It is evident physical cash is slowly being phased out by governments and financial institutions. Consumers have their role to play as well, as some regions are more prone to people using mobile and digital payments. Cash is no longer king, and changes are coming to the global financial ecosystem as we know it. But what does it all mean for Bitcoin in its current state?
Cash Is Dead, Long Live Cash
Whether people want to admit it or not, cash is no longer the king of payment methods. Even though a lot of countries still see cash being used for a lot of transactions every day, that situation is slowly starting to change. Digital payments, payment cards, and even virtual currencies are starting to be more prevalent. Even banks are looking into the usage of blockchain technology for digital payments right now.
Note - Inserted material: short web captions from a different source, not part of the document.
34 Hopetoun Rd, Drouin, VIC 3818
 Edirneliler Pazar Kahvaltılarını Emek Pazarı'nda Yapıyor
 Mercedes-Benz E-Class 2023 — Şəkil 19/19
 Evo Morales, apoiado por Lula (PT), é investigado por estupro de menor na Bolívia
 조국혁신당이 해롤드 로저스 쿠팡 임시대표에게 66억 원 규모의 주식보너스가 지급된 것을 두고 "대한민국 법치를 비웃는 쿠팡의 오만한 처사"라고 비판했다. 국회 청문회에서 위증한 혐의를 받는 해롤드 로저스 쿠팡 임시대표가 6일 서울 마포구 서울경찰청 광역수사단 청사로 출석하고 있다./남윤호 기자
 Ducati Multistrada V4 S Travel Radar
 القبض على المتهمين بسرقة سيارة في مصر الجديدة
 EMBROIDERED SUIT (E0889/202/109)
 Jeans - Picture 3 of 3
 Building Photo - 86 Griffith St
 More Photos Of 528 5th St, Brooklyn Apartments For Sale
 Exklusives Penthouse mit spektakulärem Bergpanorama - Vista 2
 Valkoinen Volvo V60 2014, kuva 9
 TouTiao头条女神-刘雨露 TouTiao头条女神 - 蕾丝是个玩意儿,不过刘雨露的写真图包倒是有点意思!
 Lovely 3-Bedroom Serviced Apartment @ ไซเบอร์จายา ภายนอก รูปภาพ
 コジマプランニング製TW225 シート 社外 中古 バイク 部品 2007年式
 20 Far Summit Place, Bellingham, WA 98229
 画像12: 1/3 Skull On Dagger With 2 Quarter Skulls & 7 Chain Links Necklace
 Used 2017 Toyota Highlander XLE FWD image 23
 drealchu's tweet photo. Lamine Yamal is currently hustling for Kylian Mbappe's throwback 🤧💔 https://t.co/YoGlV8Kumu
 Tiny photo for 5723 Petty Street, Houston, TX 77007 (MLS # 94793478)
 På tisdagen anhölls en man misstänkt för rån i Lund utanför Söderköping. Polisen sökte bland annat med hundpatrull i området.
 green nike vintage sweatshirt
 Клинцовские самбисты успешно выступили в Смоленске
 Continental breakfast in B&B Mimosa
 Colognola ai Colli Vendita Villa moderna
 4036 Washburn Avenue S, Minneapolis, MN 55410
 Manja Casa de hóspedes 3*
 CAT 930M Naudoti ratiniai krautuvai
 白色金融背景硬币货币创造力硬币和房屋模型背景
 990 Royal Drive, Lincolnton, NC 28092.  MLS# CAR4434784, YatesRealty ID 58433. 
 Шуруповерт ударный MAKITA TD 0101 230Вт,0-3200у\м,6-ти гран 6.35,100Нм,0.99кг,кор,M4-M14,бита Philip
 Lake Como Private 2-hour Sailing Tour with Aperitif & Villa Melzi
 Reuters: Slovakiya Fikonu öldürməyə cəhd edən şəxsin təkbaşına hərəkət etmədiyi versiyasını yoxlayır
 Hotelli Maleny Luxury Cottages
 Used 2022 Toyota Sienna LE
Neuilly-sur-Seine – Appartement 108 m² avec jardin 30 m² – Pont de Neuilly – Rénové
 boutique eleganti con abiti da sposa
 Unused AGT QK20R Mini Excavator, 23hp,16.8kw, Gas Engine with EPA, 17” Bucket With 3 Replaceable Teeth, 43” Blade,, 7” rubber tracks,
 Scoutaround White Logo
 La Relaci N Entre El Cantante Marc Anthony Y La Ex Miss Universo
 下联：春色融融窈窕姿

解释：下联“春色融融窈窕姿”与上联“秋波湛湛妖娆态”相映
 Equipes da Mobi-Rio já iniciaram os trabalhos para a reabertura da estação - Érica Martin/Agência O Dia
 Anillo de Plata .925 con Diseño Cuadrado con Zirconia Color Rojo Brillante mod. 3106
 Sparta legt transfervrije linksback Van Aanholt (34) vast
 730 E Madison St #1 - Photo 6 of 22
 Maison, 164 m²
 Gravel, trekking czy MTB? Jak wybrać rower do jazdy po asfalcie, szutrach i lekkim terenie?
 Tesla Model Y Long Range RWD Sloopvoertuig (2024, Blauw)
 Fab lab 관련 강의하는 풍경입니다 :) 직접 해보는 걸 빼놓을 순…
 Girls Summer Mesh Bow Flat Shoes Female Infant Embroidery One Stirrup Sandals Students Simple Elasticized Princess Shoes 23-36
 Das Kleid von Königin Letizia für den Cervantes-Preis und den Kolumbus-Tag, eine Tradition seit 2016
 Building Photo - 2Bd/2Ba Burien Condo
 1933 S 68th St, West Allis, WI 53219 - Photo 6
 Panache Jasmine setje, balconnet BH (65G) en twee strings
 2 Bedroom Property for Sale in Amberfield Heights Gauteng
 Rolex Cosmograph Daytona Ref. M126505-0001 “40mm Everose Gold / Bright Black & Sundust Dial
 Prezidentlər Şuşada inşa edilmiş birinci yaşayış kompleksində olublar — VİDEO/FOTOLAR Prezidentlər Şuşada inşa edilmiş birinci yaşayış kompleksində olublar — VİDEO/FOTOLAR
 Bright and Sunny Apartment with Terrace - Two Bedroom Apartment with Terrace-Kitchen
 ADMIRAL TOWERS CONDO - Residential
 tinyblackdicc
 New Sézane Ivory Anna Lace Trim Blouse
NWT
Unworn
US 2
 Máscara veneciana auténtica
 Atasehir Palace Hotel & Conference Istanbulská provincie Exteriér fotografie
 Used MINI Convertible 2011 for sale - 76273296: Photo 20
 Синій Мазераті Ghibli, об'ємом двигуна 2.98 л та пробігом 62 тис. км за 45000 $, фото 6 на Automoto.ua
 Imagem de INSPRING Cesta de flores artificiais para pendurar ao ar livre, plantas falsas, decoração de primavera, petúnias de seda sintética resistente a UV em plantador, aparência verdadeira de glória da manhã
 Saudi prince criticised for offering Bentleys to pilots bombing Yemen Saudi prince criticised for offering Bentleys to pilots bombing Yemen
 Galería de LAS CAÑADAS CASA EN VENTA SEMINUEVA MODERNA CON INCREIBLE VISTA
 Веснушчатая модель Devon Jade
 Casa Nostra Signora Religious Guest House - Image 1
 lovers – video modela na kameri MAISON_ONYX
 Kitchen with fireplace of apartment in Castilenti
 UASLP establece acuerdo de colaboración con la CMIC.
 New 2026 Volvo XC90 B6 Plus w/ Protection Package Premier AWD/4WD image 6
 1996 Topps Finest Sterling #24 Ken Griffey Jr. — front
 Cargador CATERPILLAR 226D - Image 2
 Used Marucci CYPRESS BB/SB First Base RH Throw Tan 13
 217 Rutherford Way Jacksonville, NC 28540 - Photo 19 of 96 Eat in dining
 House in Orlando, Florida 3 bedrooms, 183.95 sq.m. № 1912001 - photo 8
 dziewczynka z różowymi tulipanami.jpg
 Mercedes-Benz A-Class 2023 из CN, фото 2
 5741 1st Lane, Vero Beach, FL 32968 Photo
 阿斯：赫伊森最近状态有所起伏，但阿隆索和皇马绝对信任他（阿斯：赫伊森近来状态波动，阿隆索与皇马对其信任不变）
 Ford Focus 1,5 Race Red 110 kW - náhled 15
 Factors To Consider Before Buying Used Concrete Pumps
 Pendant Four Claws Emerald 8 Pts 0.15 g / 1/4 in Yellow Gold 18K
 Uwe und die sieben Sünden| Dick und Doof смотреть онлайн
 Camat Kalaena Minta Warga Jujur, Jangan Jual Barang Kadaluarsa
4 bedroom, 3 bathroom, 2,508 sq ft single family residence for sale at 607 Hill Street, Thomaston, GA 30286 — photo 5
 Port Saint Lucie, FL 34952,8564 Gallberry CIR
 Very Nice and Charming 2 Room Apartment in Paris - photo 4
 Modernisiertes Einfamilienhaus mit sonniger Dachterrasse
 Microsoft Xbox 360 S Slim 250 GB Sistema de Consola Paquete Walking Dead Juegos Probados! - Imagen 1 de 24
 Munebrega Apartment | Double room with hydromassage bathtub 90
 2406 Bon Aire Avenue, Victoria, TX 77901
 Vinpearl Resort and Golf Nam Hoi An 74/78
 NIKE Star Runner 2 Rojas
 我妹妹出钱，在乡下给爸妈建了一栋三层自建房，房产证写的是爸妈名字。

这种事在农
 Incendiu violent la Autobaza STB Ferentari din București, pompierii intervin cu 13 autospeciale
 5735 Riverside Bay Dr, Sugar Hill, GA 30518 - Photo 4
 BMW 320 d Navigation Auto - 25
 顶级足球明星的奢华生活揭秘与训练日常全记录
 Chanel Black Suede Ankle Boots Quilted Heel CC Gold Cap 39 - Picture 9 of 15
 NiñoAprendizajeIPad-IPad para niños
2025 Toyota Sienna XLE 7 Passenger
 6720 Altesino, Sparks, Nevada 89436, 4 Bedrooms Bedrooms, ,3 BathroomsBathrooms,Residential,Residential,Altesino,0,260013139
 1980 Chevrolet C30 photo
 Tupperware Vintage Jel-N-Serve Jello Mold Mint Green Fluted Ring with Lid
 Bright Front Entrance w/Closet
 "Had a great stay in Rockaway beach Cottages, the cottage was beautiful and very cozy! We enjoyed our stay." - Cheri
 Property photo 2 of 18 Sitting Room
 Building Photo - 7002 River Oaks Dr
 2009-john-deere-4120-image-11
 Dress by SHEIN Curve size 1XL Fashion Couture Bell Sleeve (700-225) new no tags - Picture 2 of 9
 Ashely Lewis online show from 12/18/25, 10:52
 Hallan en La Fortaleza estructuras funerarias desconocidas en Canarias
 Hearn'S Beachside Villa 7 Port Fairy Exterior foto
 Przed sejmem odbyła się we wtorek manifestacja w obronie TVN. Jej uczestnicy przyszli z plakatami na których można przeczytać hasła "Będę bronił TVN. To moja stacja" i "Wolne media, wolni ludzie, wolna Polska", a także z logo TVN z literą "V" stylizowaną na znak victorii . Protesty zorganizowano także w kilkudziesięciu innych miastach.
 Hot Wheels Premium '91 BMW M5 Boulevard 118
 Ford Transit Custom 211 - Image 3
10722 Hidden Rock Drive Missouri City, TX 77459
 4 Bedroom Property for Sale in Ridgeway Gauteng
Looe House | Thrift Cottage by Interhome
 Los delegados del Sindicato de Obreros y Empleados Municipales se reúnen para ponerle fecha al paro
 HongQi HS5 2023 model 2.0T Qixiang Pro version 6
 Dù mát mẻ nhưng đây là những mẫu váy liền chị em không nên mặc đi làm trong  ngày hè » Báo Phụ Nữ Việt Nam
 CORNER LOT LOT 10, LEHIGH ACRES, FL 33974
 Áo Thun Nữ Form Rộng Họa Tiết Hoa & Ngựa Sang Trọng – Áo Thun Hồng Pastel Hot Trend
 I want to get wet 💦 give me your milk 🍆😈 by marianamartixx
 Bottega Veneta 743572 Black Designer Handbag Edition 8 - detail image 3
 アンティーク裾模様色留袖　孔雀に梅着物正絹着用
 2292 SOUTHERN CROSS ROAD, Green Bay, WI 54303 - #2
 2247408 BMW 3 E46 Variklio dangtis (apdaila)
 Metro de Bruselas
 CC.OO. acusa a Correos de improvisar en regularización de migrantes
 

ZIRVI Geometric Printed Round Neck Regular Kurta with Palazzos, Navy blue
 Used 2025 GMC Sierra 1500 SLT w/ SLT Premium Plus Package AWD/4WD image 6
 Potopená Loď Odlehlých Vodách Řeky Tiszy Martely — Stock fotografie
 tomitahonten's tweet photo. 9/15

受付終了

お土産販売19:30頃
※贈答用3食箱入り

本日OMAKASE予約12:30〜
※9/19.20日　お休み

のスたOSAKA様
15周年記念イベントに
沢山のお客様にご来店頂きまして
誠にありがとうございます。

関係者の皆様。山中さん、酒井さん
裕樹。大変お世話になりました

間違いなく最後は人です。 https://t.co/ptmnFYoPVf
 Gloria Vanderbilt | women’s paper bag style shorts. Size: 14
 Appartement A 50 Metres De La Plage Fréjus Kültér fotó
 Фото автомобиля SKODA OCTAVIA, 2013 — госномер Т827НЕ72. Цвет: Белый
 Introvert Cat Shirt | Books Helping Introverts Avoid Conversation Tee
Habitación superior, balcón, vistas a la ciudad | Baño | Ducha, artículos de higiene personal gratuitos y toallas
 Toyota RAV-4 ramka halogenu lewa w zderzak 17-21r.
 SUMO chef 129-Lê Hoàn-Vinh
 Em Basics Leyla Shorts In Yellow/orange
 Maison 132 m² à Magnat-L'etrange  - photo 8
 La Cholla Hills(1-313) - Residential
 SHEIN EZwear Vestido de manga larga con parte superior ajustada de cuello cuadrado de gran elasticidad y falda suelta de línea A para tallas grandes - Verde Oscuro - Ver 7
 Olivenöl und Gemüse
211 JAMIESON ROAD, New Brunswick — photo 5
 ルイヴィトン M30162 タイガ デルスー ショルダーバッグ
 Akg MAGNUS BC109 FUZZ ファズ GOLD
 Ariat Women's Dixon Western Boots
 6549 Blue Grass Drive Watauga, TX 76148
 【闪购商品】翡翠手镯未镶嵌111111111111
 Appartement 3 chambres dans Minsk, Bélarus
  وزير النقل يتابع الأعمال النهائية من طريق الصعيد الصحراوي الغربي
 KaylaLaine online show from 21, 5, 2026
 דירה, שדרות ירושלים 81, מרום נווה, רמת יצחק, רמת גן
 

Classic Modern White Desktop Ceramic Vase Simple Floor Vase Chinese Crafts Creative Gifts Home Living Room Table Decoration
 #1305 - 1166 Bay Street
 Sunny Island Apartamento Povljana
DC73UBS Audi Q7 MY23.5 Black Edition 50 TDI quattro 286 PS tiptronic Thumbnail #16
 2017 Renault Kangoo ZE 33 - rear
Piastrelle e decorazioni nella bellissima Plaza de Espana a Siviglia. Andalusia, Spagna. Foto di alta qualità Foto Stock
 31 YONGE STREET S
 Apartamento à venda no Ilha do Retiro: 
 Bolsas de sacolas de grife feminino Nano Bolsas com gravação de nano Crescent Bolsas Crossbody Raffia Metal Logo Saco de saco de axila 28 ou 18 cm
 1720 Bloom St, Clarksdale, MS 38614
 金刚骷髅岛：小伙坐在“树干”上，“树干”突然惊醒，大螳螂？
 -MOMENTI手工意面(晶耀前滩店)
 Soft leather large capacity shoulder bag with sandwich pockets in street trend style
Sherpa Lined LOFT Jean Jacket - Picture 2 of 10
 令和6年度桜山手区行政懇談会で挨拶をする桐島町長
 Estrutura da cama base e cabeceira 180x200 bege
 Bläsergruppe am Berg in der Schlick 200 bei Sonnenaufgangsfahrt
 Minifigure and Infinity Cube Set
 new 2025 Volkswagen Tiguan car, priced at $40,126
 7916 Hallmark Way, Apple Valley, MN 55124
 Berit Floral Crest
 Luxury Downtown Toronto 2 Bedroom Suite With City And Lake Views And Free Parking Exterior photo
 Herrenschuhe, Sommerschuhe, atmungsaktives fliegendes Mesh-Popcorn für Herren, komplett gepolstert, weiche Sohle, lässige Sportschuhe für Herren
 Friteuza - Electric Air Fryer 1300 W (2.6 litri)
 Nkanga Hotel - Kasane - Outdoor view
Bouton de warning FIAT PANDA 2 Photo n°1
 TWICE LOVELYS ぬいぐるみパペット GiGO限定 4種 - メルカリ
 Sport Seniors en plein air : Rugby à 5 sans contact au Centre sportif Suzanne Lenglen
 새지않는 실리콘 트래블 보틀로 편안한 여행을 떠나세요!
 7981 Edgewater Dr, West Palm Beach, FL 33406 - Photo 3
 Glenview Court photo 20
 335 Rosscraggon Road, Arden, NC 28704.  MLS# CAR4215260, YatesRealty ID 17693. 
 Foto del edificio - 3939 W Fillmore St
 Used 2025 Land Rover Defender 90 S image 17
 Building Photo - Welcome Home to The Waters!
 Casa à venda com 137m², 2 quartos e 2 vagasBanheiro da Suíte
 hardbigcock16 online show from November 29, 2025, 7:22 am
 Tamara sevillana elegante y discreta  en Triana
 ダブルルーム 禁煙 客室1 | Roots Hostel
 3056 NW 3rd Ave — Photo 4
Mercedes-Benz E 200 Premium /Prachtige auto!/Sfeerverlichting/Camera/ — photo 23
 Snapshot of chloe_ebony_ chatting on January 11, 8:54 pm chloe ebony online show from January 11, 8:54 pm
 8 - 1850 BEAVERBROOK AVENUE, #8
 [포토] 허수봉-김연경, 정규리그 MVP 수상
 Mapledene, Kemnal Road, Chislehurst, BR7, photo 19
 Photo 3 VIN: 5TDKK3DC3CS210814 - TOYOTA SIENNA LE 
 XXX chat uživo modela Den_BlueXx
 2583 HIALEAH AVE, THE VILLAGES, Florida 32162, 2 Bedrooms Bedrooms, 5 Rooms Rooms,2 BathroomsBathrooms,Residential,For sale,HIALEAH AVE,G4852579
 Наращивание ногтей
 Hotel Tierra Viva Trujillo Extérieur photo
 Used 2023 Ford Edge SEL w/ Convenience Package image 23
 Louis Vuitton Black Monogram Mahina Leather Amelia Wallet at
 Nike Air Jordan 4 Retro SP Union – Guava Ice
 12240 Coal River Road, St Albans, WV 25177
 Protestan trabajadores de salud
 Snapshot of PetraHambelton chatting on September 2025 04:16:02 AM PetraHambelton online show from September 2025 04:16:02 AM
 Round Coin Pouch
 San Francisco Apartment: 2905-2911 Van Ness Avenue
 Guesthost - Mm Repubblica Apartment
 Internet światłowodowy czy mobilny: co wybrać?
But things are not as black-and-white as the media may want you to believe. Phasing out cash can’t be done overnight, not even when law decrees it in places like India. Precious metals are a more than viable alternative for investing, but for day-to-day usage, gold is even more cumbersome than cash has ever been. Cryptocurrencies such as Bitcoin are gaining mainstream appeal, but real-life use cases remain somewhat limited.
People need to keep in mind the transition to a cashless society is not made to help out the average person on the street. In the end, it is a move to hide a critical underlying flaw in the financial sector. Since the financial crisis of 2008, governments and banks have been colluding to seize all of the power and wealth, at the expense of everyday consumers.
Printing new money to solve financial instability is a tactic that lost all of its appeal. Helicopter money is no longer a viable strategy for banks around the world, so cash has to go altogether. Transitioning into a digitala get will allow banks to issue unlimited amounts of virtual currency, but without the cumbersome side effects of printing and distribution.
Struggling economies are dealing with financial collapse, thanks to governments and banks colluding to end cash once and for all. Venezuela, and more recently India, are two excellent examples of what may unfold in the rest of the world over the coming years. Restricting access to funds for consumers is never the solution, yet it is a very real problem in more countries than we are aware of right now.
Some people may think this is a positive development for the adoption of cryptocurrency. When banks and governments alienate themselves from the population, people should automatically look for financial alternatives. Unfortunately, things will not unfold so black-and-white either.
The use cases for Bitcoin and consorts are far too few in number to make it a mainstream currency. But as more of these news stories are no longer ignored by the media, people will eventually be faced with a difficult choice. Do they continue to trust a sinister financial ecosystem that has betrayed their trust multiple times, or are they finally willing to take back full financial control?